In this segment we explore what team members at 12 Spokes do to ready themselves for starting something new…
1) New music. I love listening to music while I work and nothing jolts my creativity like listening to some new tunes. It can range anywhere from jazz and mellow (think Trio of Oz) to techno remixes (think GirlTalk or Pogo). I’m a sucker for new music and will pretty much listen to everything and anything so long as it’s putting me in the creative groove.
2) Drawing. Whether it’s doodling on paper, sketching out a layout idea in my notebook, or laying down some ink or watercolor it tends to open up the design world for me when I’m mixing up the techside with the artside.
3) Have a cup of tea (or two or three…). Because it’s delicious, delightful, and keeps my brain going.
1) Hand off my kid. I divide my time between caring for my daughter and working. So before I can undertake any project, whether it’s dinner or a deep-dive business-dev meeting, the first thing I have to do is get her off my hands.
2) A quick surf of the ‘nets. I don’t get a lot of dedicated screen time throughout the day, like a lot of people do, so when I do sit down in front of my computer, I like to poke around for five minutes to get all my internet curiosity out. After a quick look at Facebook, my email and Slate, I feel like I’ve gotten my distractions out of the way and I can set in for a long, concentrated haul. (I think a lot of people might have trouble with the “quick” part of this step, but my workday is timeboxed pretty heavily by babysitters and nap schedules, so when I sit down to work I don’t muck around).
3) Coffee, tea, or another jolt. Totally uncreative, I know.
1) Set up my desk. I set my laptop on a stack of books and stand up to work, it keeps the juices flowing, and it keeps me from officially having to buy a standing desk. Unfortunately, my friends keep taking books out of my stack to read and/or just to tick me off. I can deal with that for routine bug fixes, but if I’m working on something fresh, I need to get back to the right height.
2) Shut out the world. I like simplynoise.com; persistent white noise keeps me from being distracted by cars in the street or the TV in the next room (actually, oscillating brown noise is what I find to be most effective, but most people group all colors of persistant static-y noise into the “white noise” category). Although I haven’t metricized it, I have anecdotal evidence of marked code improvement just by not hearing the other sounds that are going on around me.
2.5) open my “pomodoro” application, which is kind of part-and-parcel of shutting the world out. The focus of a structured 25 minute work session followed by a 5 minute break keeps my mind focused and fresh and keeps me from dwelling on the same roadblock for too long.
3) Big glass of water. I’m a compulsive hydration advocate, and if I don’t have a glass of water next to me in excess of 64 oz., then I’m just going to be leaving my computer in 5 minutes anyway to get one.
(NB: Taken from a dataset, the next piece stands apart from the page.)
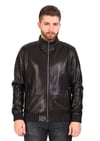 Erkek Gerçek Deri Spor Beli Lastikli Mont Siyah KLJ-986 - 19965 FA4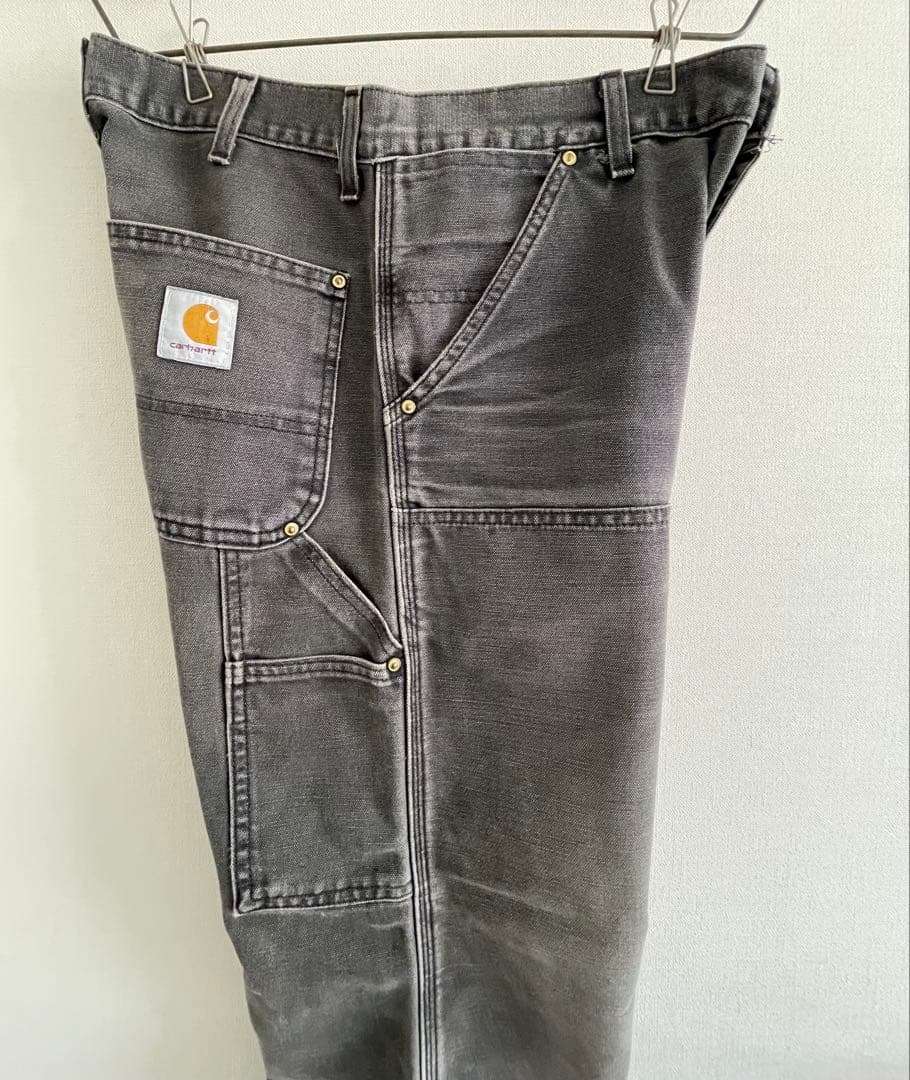 90sカーハートUSA製carharttダブルニー黒ワークパンツダック地フェード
1) Research. Chances are, if I’m working on a new project, I’m going to be encountering some challenge I’ve never met before, whether it involves learning how to use a new Ruby gem or maybe even a new programming language or framework. I take the requirements of the project and decide on what the major components will be and what technologies will work well.
2) Brainstorm. With my arsenal of tools ready, I start thinking about the application’s unique business logic. Often this process involves taking out a piece of paper and drawing or writing until it clicks. Rarely do I fully grasp how to take the first steps without spending a good amount of time deep in thought.
3) Get started. With the barebones of the app running, what to tackle first? It’s often helpful to program from the mindset of the user. First, I want to log in, then what do I want to see? I build from there toward the minimum viable product to get the core of the application out in the least amount of time.